Exercise directions: State how many lines in the material hold the string "Vintage"; nothing besides that number is expected.

Supplied data:

————

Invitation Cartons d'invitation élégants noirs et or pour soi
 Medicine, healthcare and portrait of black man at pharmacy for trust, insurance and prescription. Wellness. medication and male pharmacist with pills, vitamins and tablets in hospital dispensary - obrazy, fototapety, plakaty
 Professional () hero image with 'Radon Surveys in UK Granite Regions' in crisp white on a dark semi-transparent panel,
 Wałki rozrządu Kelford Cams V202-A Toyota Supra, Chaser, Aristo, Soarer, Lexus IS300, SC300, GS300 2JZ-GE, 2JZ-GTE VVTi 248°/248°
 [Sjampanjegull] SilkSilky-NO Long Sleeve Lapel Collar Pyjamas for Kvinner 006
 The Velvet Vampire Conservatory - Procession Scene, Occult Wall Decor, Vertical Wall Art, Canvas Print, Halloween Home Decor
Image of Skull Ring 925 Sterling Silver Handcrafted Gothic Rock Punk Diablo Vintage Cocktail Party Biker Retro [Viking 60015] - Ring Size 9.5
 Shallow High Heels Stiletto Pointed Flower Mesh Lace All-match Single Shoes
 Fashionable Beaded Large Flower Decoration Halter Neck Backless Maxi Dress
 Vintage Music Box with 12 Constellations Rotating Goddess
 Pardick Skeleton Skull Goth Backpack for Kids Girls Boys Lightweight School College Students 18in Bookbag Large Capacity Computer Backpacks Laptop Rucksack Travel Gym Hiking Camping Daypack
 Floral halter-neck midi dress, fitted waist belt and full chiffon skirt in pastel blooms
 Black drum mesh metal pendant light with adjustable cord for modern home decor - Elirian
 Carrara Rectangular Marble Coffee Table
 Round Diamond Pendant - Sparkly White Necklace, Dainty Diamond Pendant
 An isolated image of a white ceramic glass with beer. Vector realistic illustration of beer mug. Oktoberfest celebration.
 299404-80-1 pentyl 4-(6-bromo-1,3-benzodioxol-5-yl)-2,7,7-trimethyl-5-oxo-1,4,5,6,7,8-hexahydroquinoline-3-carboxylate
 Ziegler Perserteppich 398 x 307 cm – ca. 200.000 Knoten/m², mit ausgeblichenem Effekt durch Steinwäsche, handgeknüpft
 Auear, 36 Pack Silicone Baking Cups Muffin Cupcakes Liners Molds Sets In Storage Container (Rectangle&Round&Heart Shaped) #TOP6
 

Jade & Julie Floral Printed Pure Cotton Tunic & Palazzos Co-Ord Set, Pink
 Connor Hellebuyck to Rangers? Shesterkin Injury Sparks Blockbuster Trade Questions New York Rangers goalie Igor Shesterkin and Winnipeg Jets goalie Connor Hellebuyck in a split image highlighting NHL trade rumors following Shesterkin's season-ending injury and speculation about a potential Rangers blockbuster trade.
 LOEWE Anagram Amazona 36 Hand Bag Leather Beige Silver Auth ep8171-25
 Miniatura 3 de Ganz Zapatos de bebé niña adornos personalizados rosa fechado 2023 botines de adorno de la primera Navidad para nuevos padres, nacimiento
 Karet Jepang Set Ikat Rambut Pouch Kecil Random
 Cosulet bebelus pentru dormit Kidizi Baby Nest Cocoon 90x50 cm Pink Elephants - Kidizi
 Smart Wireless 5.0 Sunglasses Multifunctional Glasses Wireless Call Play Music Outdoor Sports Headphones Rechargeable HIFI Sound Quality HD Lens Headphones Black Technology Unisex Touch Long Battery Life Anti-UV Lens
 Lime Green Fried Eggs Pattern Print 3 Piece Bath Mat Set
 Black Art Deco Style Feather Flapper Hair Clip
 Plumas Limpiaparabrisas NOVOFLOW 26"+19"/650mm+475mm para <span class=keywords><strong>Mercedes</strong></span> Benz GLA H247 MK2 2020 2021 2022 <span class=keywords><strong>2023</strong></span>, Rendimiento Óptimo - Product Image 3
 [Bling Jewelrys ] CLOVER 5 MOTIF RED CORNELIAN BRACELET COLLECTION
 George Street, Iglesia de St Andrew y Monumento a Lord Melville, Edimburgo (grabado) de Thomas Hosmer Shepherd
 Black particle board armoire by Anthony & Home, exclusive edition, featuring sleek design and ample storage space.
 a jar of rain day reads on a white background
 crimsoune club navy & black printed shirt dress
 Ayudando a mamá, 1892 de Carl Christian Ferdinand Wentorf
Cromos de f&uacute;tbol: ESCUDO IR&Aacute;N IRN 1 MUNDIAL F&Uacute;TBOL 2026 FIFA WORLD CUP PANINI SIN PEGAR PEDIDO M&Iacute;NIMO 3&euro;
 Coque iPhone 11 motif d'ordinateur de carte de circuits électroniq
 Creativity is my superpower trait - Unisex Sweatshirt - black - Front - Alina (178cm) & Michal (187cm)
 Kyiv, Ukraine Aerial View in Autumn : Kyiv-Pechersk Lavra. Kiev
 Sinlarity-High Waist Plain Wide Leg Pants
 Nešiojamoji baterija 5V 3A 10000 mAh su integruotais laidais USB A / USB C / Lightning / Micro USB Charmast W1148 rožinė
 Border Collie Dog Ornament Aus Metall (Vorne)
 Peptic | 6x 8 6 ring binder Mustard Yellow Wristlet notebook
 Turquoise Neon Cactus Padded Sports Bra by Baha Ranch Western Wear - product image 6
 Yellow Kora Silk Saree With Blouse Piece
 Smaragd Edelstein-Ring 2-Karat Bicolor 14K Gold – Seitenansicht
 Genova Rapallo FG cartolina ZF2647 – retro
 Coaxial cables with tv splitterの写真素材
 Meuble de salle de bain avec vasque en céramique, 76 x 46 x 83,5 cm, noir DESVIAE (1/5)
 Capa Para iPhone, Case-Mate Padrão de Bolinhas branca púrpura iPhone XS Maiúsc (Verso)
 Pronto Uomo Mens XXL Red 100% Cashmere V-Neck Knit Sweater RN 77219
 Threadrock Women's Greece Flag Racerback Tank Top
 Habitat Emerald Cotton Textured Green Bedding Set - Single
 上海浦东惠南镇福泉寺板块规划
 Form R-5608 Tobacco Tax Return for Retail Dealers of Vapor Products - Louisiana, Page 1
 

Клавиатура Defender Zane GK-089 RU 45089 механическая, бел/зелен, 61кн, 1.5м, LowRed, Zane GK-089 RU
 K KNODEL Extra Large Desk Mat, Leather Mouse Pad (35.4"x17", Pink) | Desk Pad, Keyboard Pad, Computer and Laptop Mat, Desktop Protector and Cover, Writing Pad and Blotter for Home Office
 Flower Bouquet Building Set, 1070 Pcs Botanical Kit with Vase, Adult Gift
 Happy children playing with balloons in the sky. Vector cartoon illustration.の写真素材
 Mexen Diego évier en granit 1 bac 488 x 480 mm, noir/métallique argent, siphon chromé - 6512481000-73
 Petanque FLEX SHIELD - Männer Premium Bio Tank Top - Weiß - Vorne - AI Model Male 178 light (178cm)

————

Solution: 2